Asthma is an airway inflammatory disease caused by activation of numerous immune cells including macrophages. Bakuchicin (BKC) is known to exhibit anti-inflammatory effects and type 2 T helper (Th2) regulation, but has not been investigated for airway inflammation. This study aimed to evaluate the effects of BKC on airway inflammation and demonstrate the mechanisms of macrophage polarization.

Methods

The anti-inflammatory effects were determined using lipopolysaccharide (LPS)-stimulated macrophages. The ovalbumin (OVA)-induced asthma mouse model was used to evaluate the effects of BKC on airway inflammation and Th2 responses.

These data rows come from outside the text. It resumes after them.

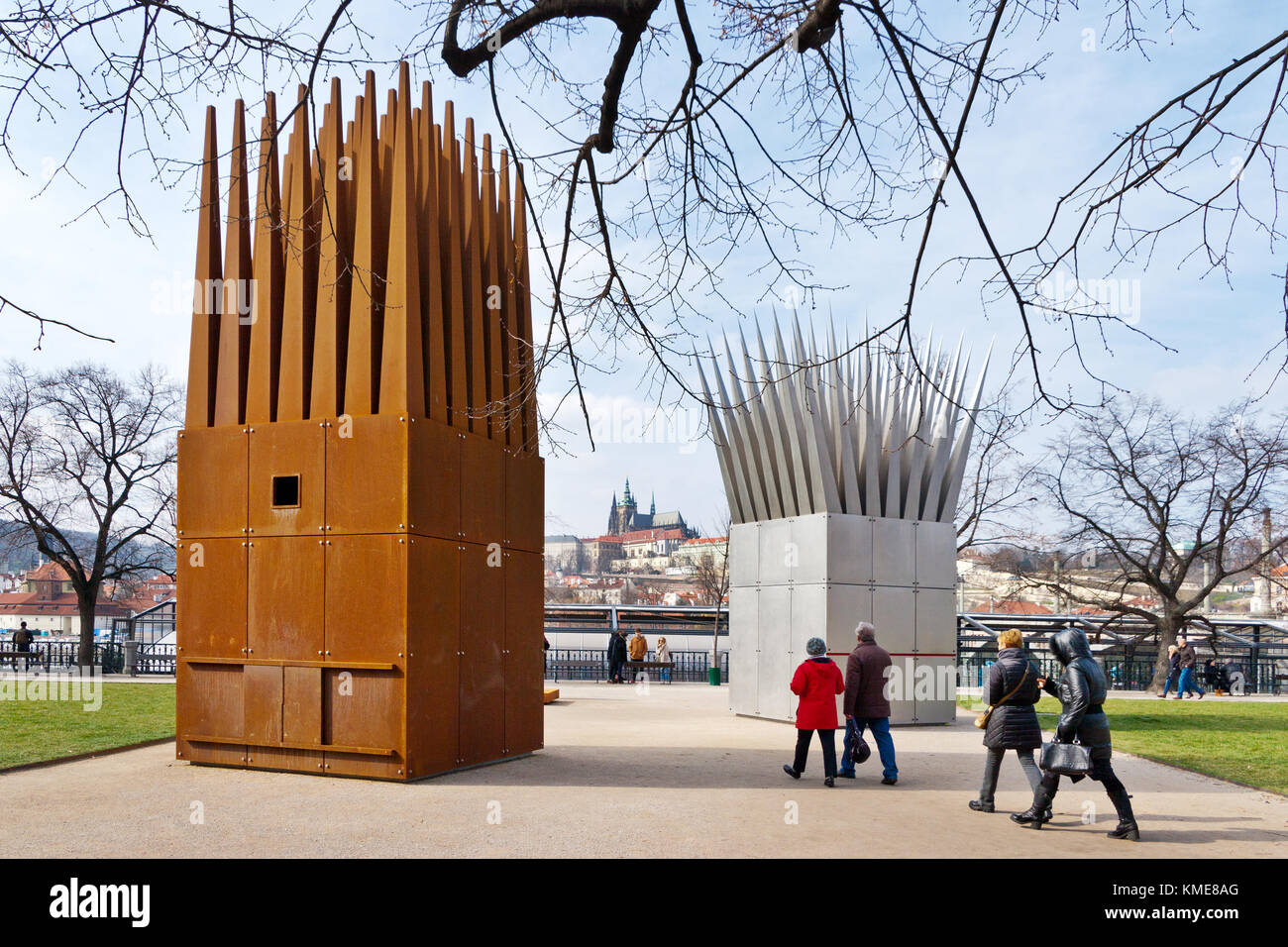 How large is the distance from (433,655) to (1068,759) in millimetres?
6000

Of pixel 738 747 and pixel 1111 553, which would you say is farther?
pixel 1111 553

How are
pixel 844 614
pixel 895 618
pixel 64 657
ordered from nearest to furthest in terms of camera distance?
pixel 844 614 < pixel 895 618 < pixel 64 657

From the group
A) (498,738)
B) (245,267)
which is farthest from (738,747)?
(245,267)

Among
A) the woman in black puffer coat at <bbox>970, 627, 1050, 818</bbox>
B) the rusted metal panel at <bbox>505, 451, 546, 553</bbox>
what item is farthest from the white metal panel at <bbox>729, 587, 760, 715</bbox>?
the woman in black puffer coat at <bbox>970, 627, 1050, 818</bbox>

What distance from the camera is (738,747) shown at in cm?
1436

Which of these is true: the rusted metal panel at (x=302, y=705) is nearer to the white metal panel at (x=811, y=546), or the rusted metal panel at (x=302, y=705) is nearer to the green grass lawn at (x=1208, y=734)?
the white metal panel at (x=811, y=546)

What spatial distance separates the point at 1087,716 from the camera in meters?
8.51

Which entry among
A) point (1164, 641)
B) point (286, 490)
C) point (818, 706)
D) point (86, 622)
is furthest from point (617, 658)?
point (286, 490)

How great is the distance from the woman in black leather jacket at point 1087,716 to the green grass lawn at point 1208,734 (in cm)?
393

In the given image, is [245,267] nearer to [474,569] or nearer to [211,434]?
[211,434]

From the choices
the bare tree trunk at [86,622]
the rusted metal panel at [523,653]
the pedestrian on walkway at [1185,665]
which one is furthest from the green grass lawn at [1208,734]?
the bare tree trunk at [86,622]

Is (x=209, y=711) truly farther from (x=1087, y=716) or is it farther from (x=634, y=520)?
(x=634, y=520) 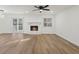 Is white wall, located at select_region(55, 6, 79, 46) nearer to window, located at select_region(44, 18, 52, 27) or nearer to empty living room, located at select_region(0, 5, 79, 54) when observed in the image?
empty living room, located at select_region(0, 5, 79, 54)

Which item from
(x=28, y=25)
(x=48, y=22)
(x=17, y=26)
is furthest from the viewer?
(x=48, y=22)

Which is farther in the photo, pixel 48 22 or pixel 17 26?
pixel 48 22

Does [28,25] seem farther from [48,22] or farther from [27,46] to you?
[27,46]

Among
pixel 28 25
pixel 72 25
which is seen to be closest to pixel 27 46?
pixel 28 25

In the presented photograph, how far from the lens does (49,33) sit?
2.15 metres

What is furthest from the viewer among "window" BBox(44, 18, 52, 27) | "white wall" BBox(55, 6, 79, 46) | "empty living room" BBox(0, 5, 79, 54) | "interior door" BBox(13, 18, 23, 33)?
"white wall" BBox(55, 6, 79, 46)

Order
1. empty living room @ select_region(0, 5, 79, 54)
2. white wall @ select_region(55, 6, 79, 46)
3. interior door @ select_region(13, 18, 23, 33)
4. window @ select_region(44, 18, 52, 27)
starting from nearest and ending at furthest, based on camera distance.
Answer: empty living room @ select_region(0, 5, 79, 54), interior door @ select_region(13, 18, 23, 33), window @ select_region(44, 18, 52, 27), white wall @ select_region(55, 6, 79, 46)

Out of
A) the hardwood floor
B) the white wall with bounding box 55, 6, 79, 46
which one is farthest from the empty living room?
the white wall with bounding box 55, 6, 79, 46

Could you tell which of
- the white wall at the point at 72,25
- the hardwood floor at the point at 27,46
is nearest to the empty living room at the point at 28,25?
the hardwood floor at the point at 27,46

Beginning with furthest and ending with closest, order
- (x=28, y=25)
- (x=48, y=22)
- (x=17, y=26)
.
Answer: (x=48, y=22), (x=28, y=25), (x=17, y=26)

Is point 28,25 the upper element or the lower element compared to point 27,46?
upper

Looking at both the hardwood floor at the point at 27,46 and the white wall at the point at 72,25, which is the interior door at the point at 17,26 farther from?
the white wall at the point at 72,25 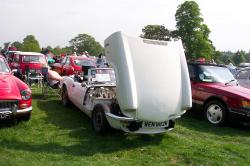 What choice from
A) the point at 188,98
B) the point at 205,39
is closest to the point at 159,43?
the point at 188,98

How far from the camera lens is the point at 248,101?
8688 mm

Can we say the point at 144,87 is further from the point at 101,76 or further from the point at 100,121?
the point at 101,76

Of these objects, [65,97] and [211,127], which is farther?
[65,97]

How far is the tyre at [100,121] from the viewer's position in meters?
7.07

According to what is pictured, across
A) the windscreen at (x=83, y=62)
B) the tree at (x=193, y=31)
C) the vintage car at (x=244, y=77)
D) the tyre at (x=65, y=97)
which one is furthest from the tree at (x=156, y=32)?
the tyre at (x=65, y=97)

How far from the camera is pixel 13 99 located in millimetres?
7199

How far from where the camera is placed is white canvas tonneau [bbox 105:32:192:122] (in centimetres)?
634

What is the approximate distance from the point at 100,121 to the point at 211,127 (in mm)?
3372

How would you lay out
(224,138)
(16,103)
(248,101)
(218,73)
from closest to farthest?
(16,103) < (224,138) < (248,101) < (218,73)

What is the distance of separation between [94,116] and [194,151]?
2.34 metres

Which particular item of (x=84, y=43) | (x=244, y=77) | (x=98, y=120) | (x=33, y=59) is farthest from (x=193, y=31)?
(x=84, y=43)

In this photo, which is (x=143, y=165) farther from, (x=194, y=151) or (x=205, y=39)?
(x=205, y=39)

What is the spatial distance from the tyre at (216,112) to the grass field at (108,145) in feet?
1.54

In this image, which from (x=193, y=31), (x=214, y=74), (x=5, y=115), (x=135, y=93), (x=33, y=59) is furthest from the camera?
(x=193, y=31) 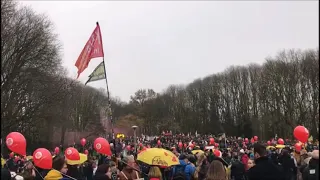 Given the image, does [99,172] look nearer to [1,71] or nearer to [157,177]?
[157,177]

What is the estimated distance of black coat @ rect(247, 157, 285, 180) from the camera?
18.2 feet

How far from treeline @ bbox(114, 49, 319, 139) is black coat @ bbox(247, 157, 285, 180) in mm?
42938

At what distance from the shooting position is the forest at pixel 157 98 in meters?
31.1

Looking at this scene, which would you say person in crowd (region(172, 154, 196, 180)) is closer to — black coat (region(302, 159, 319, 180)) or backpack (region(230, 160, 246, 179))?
backpack (region(230, 160, 246, 179))

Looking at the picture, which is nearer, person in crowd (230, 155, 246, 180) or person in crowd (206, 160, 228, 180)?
person in crowd (206, 160, 228, 180)

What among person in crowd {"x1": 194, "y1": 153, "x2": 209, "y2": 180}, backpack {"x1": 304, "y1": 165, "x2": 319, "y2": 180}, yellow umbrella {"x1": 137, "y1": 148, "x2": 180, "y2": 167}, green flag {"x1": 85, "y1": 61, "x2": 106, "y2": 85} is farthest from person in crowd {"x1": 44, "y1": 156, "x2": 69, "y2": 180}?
green flag {"x1": 85, "y1": 61, "x2": 106, "y2": 85}

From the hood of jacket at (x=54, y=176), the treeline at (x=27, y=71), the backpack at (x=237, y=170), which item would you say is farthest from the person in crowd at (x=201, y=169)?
the treeline at (x=27, y=71)

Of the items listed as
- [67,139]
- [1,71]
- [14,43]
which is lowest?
[67,139]

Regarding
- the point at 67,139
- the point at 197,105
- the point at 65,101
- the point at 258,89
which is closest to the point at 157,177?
the point at 65,101

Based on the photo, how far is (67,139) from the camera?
163ft

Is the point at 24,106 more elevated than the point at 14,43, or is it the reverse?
the point at 14,43

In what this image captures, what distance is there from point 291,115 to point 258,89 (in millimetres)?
6870

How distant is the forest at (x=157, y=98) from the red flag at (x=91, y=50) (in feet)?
60.5

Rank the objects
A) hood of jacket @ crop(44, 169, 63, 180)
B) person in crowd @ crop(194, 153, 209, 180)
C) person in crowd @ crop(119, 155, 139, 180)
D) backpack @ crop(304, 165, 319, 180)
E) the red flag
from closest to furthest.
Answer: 1. hood of jacket @ crop(44, 169, 63, 180)
2. person in crowd @ crop(119, 155, 139, 180)
3. backpack @ crop(304, 165, 319, 180)
4. person in crowd @ crop(194, 153, 209, 180)
5. the red flag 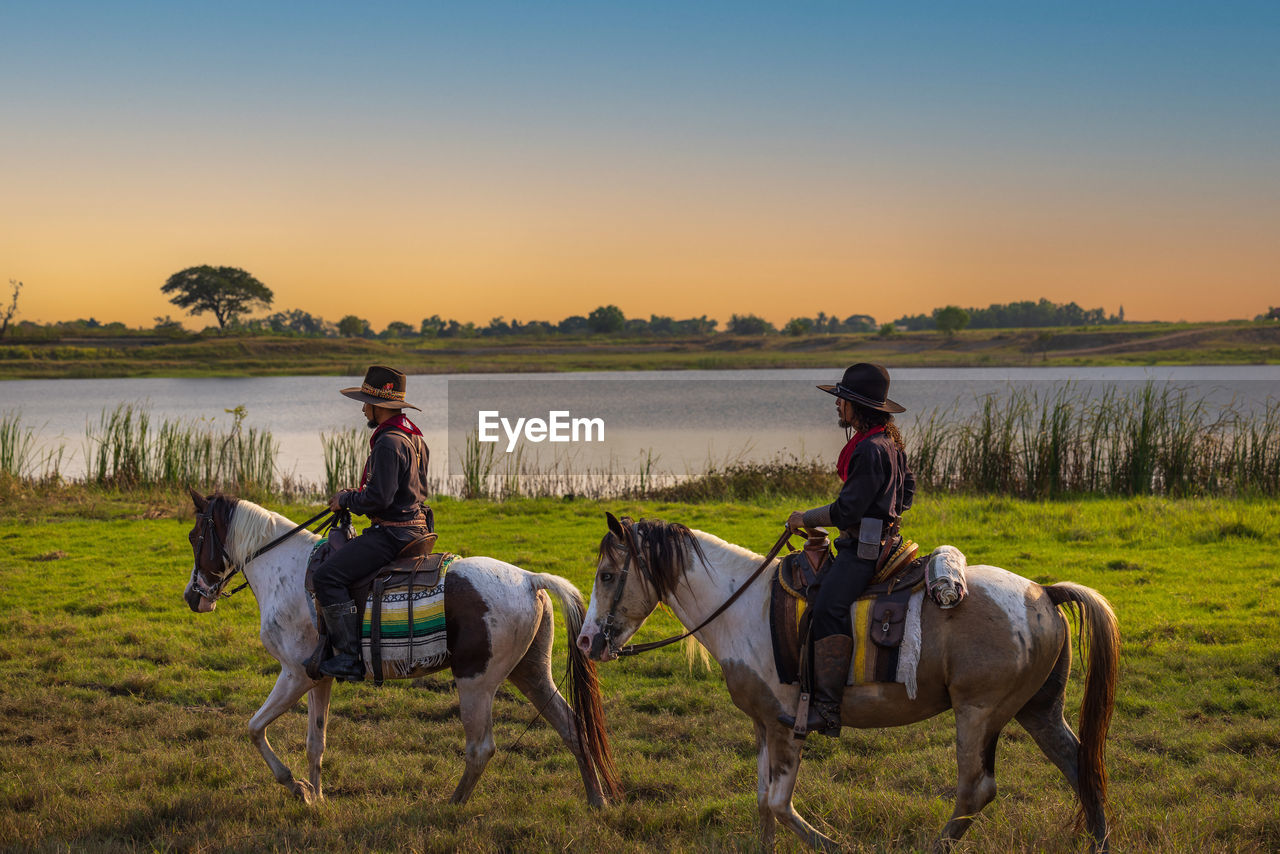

Moreover, the effect of BKC on macrophage polarization was confirmed in bone marrow-derived macrophages (BMDMs) differentiation.

Results

BKC suppressed nitric oxide production and expression of pro-inflammatory cytokines by inhibiting signaling pathway in LPS-stimulated macrophages. In an OVA-induced asthma model, BKC treatment alleviated histological changes and mast cell infiltration and reduced the levels of eosinophil peroxidase, β-hexosaminidase, and immunoglobulin levels. In addition, BKC alleviated Th2 responses and M2 macrophage populations in bronchoalveolar fluid. In BMDMs, BKC suppressed IL-4-induced M2 macrophage polarization and the expression of M2 markers such as arginase-1 and Fizz-1 through inhibiting sirtuin 2 levels.

Conclusion

BKC could be a drug candidate for the treatment of allergic asthma.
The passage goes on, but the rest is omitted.